Because the world is scalar, this applies to noetic concerns too. Politically this means we should be both communitarian and libertarian – personally communitarian and politically libertarian, desiring and working for community without wanting or trying to force people to do things.

Wednesday, December 05, 2007

V. Afterword

Fraser’s theory of time shows us just to what extent TSZ is about time. And we can now see that the eternal return is the experience of time one has as one descends and ascends through the umwelts of time – a fractaline experience of time – leading Nietzsche to see the world as fractal, a world of strange attractors (will to power), dissipative structures, and butterfly effects nearly a century before chaos theory gave (other) words and images to what Nietzsche was trying-to-say in Thus Spoke Zarathustra. This, the eternal return, the fractal nature of the world, where things like good and evil and truth and goals are seen to be strange attractors that cannot be reached (and also cannot be reconciled with one another, but must remain in continual conflict), but which must be affirmed for our world to exist (the result of which is tragic morals, since the bad must be affirmed with the good for the good to exist at all), but which make us try-to-say them, is also the image of the creator creating – new art, new metaphors, new ideas, new goals and values (the children of deep eternity) – forced to create by the pull of the strange attractor, the thing, the nothing, the creator – and Nietzsche among them – saw in the abyss, the place where one descends, not to empty oneself, as Zarathustra mistakenly believes one can at the beginning of TSZ, but to get oneself filled. We have suggested, through feeding what we learned about the eternal return’s tragic understanding of time back into our scientific understandings of time, possible explanations for the nature of strange attractors and how quantum entities can give rise to a world of solid-state physics.

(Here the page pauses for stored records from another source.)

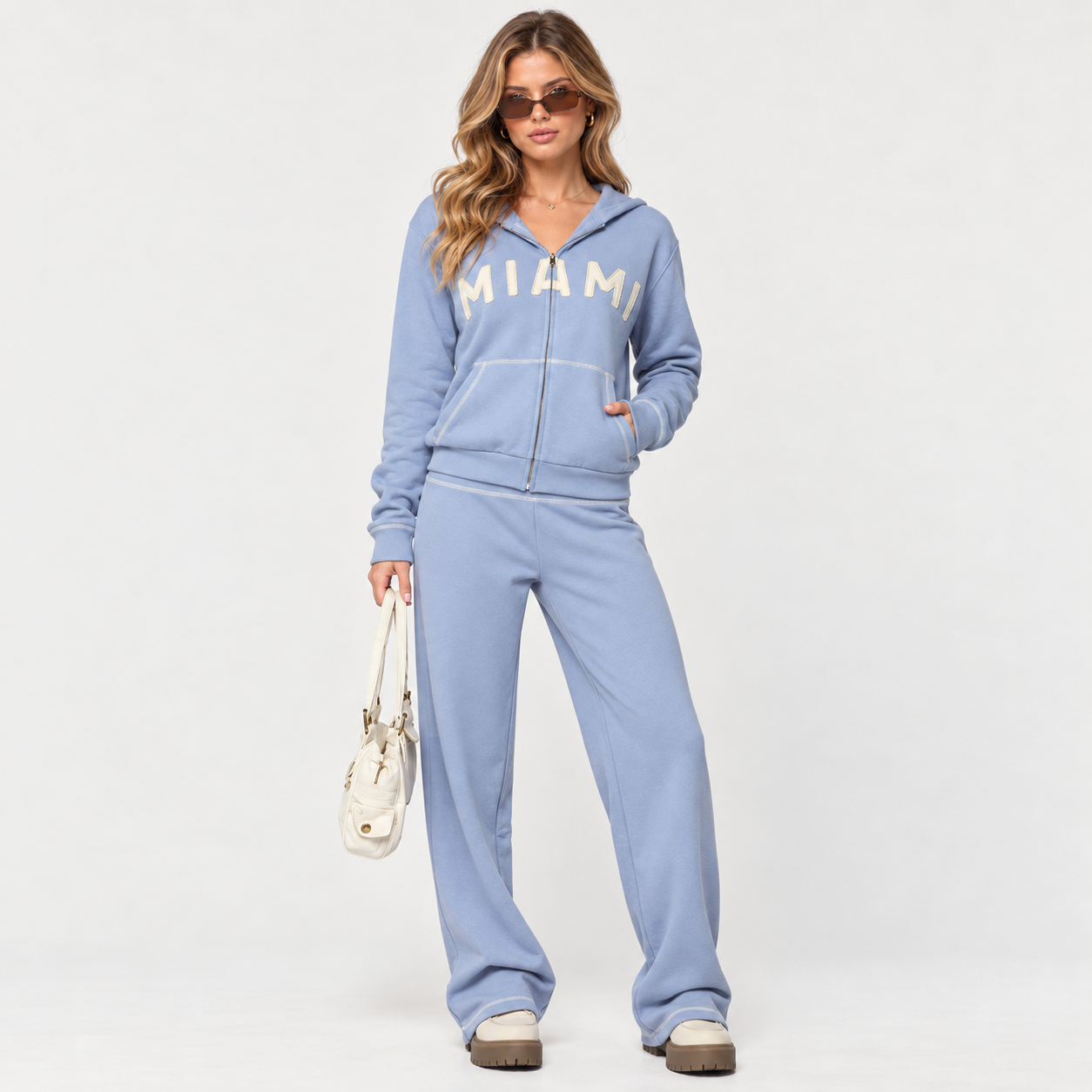 Zip Up Hoodie and Jogger Set with Pockets for Women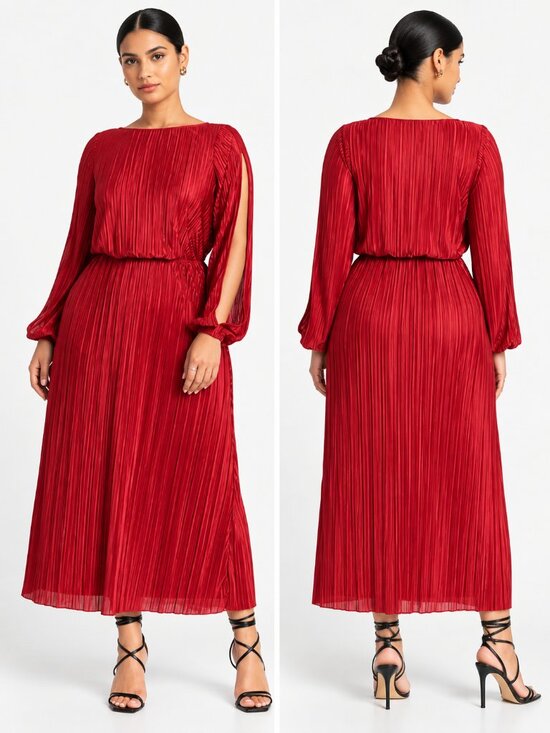 Eloquii Dresses & Skirts - ELOQUII Red Plissé Satin Open Sleeve Midi Wedding Guest Dress 18 NWT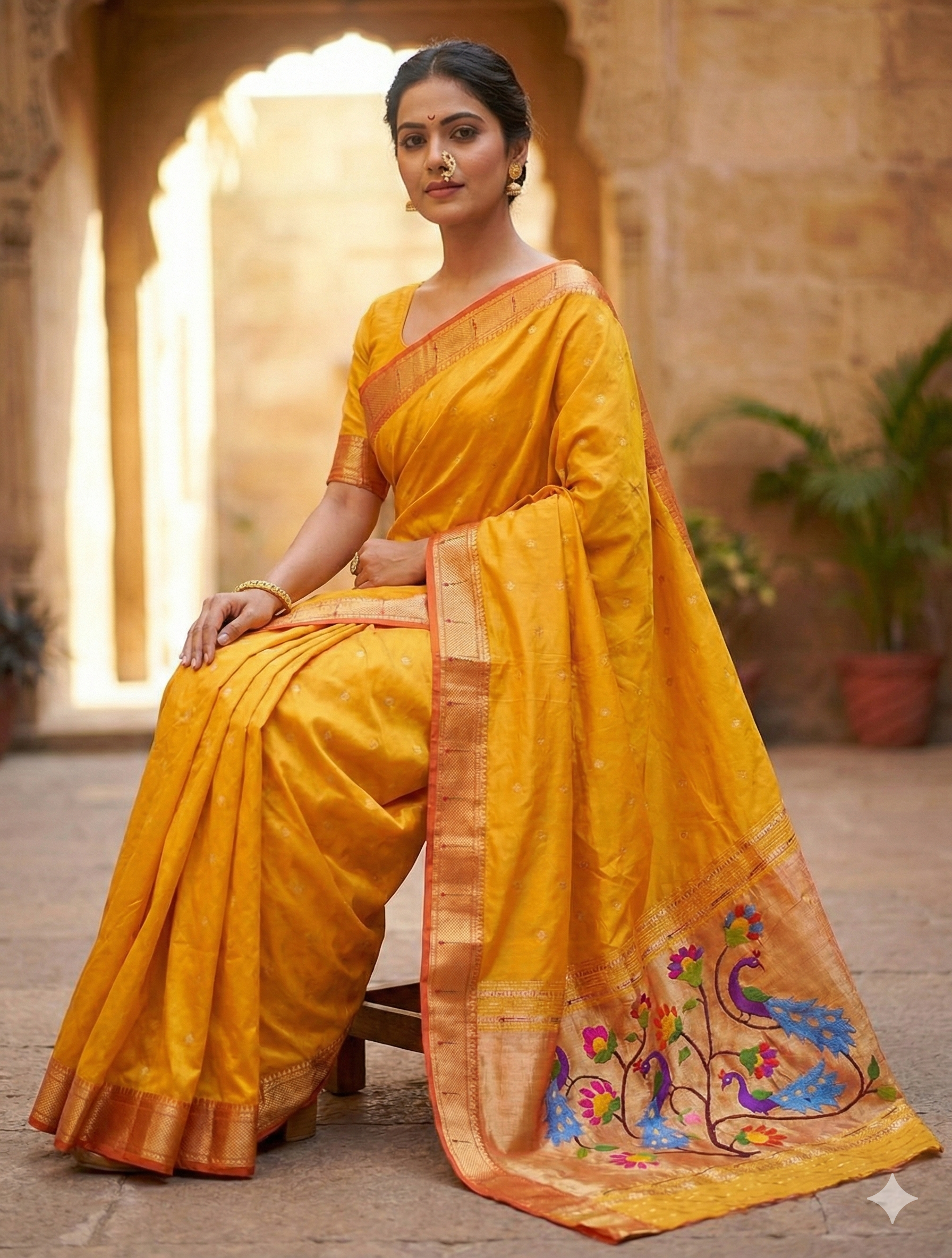 Golden Yellow Single Muniya Paithani Saree – A Symphony of Nature and Tradition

We can also now see that TSZ is a work about what a person must go through, what one must undergo, in order to become a creator of new values. That is the eternal return – the image of the creator creating (procreating, recreating). One has to recognize the tragic, fractal dimensions of the world to create in this way. It is important to clarify what one means by creator here, too. One is not talking about a mere craftsman, someone who has technical ability to paint or to write a story. This is the Apollonian (perhaps the Socratic) element of art – techne is important, but hardly enough. This is the technical, the scholarly, the scientific (as technicians) aspect of art and of our experience of the world. It is the part that can be taught, the part Universities are for, since the University can only give skills (the Socratic) – it cannot give insight. TSZ is about that part of existence which cannot be taught, but which can only be experienced in order to be known. It is about the Apollonian and the Dionysian. The Dionysian especially is precisely that aspect of art and the experience of the world which cannot be taught, because it cannot be said. It is the unteachable and the unsayable. It can only be shown, and poorly. It can only be tried-to-be-said or tried-to-be-shown, but cannot be said or shown (physis loves to hide), for if it could be said or shown, the creators would just say or show it with clarity and finally find relief and contentment (as would the world). But they cannot find contentment, for “the hidden attunement [harmonie] is better than the obvious one” (Heraclitus, K LXXX) – and they are among the most noetic of us all. It is the element present in the great artists and creators, the thing that makes Picasso a great artist, and the hordes of high school art students lost to history.